• _TASK INSTRUCTIONS_: Will you extract the entries word for word? Images should not appear in the copy.

----

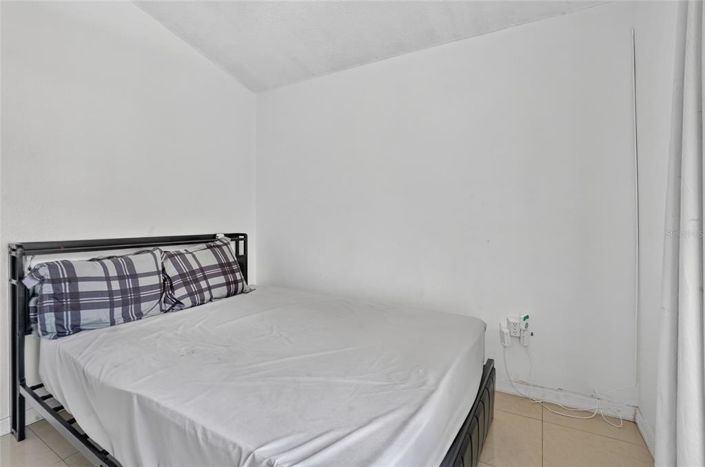 Image No.18-4 Bed House for sale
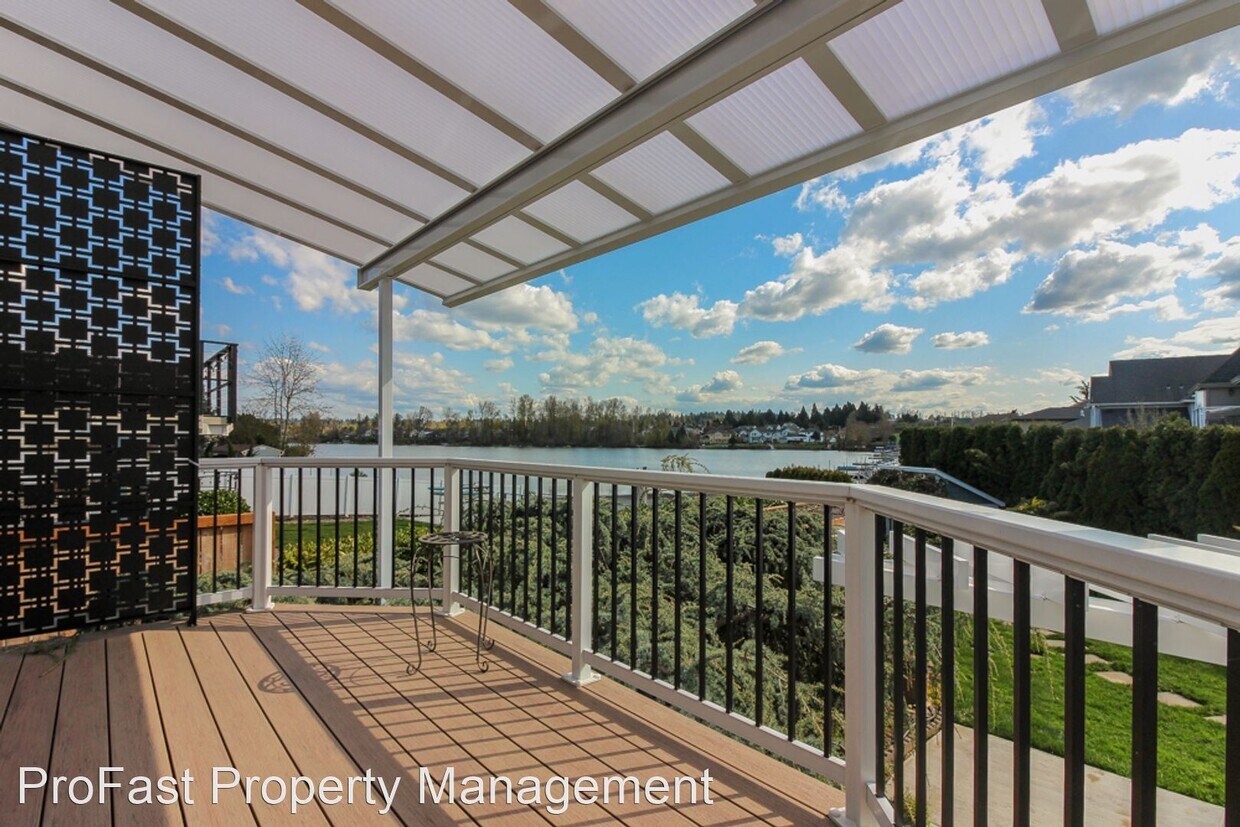 Foto principal - 3 br, 2.5 bath House - 20106 NE Interlache...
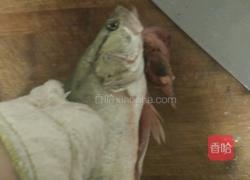 砂锅煲桂鱼面汤的做法图解2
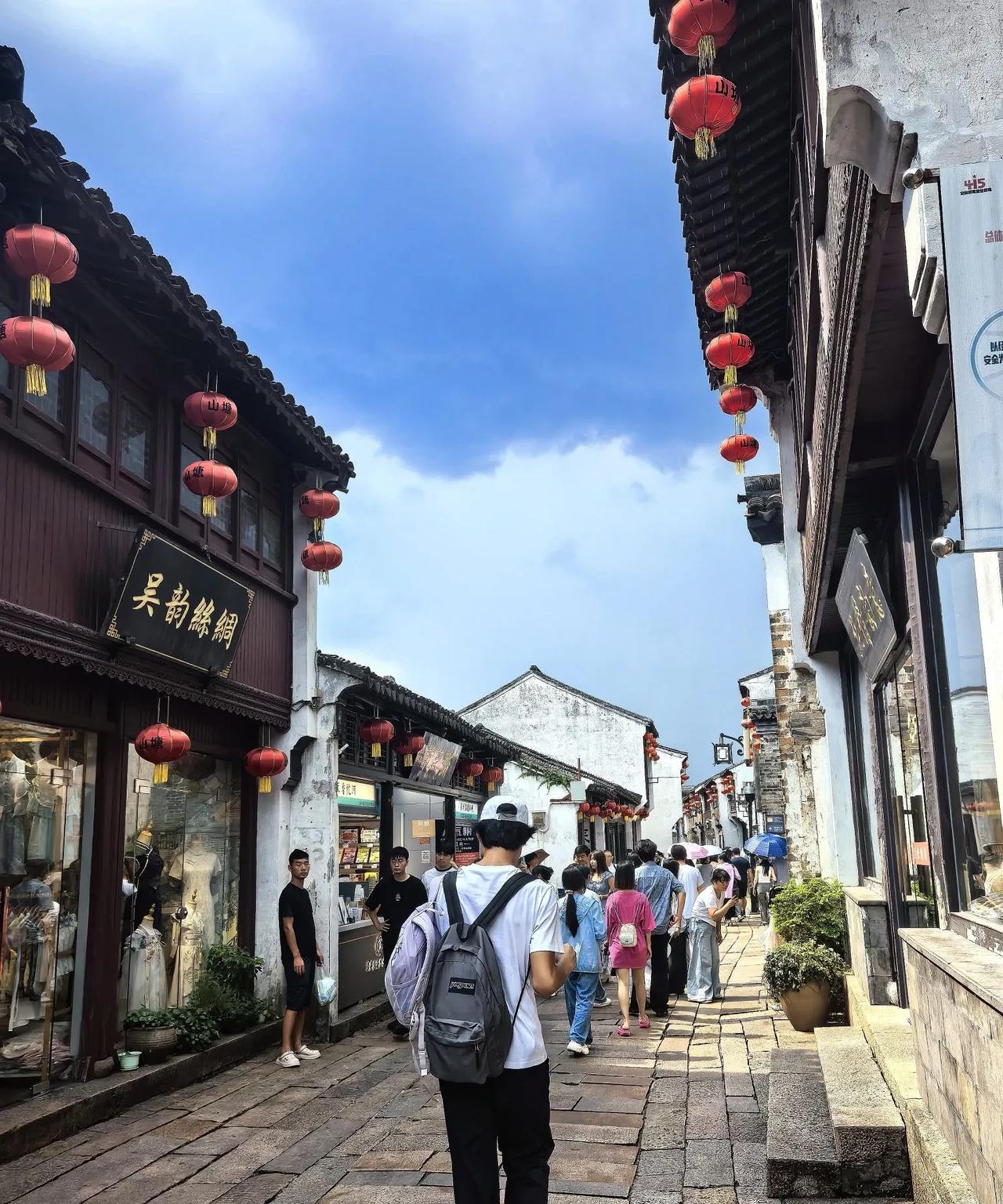 一个人旅游的好与坏。今年8月，我一个人去了苏州旅游，很是自由、自在、轻松。网上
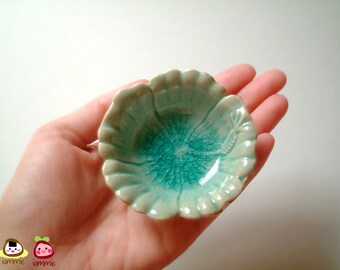 Ceramic Bowl, ceramic plate, Hibiscus, flower bowl, sauce dish, oil dish, mini, small, decoration, soap dish, small, decor, light blue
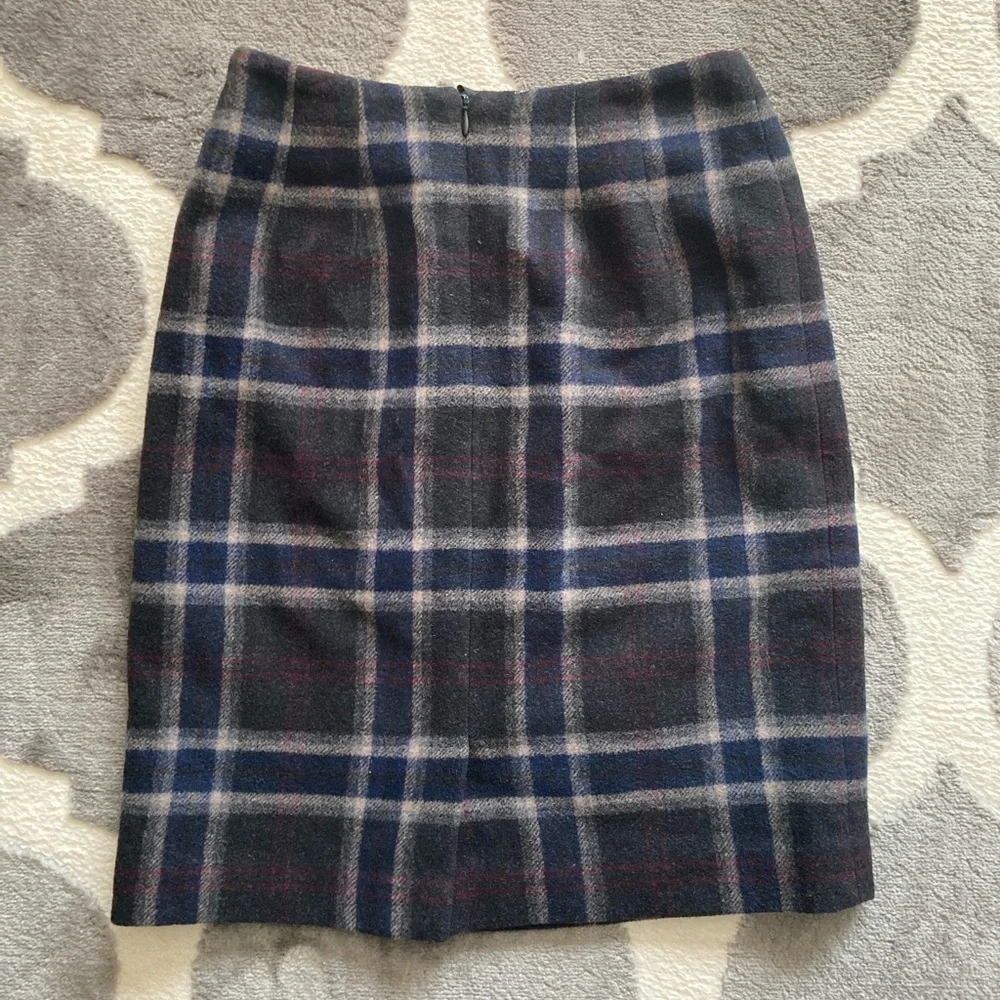 Talbots 2p Petite Vintage Wool Tartan Plaid Pencil Skirt Grey Navy Thick fleece - Picture 2 of 5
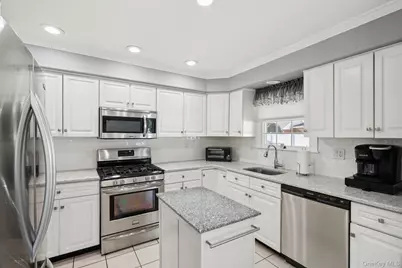 21 Eldridge Street, East Northport, NY 11731 - Photo 13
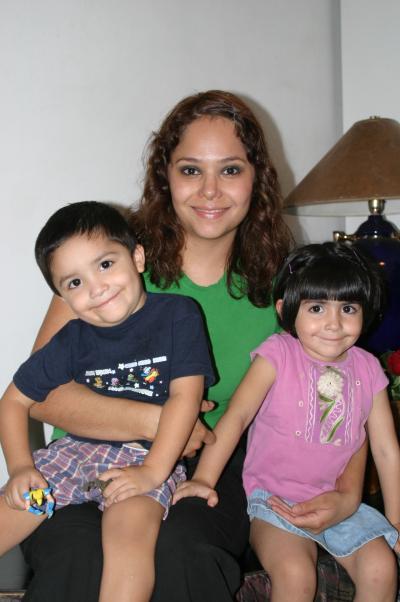  02 de octubre de 2004

Yelile Depp de Castro con sus hijos Yelile y Sebastián Castro Depp.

----

• _SOLVED EXERCISE_:
 Image No.18-4 Bed House for sale
 Foto principal - 3 br, 2.5 bath House - 20106 NE Interlache...
 砂锅煲桂鱼面汤的做法图解2
 一个人旅游的好与坏。今年8月，我一个人去了苏州旅游，很是自由、自在、轻松。网上
 Ceramic Bowl, ceramic plate, Hibiscus, flower bowl, sauce dish, oil dish, mini, small, decoration, soap dish, small, decor, light blue
 Talbots 2p Petite Vintage Wool Tartan Plaid Pencil Skirt Grey Navy Thick fleece - Picture 2 of 5
 21 Eldridge Street, East Northport, NY 11731 - Photo 13
  02 de octubre de 2004

Yelile Depp de Castro con sus hijos Yelile y Sebastián Castro Depp.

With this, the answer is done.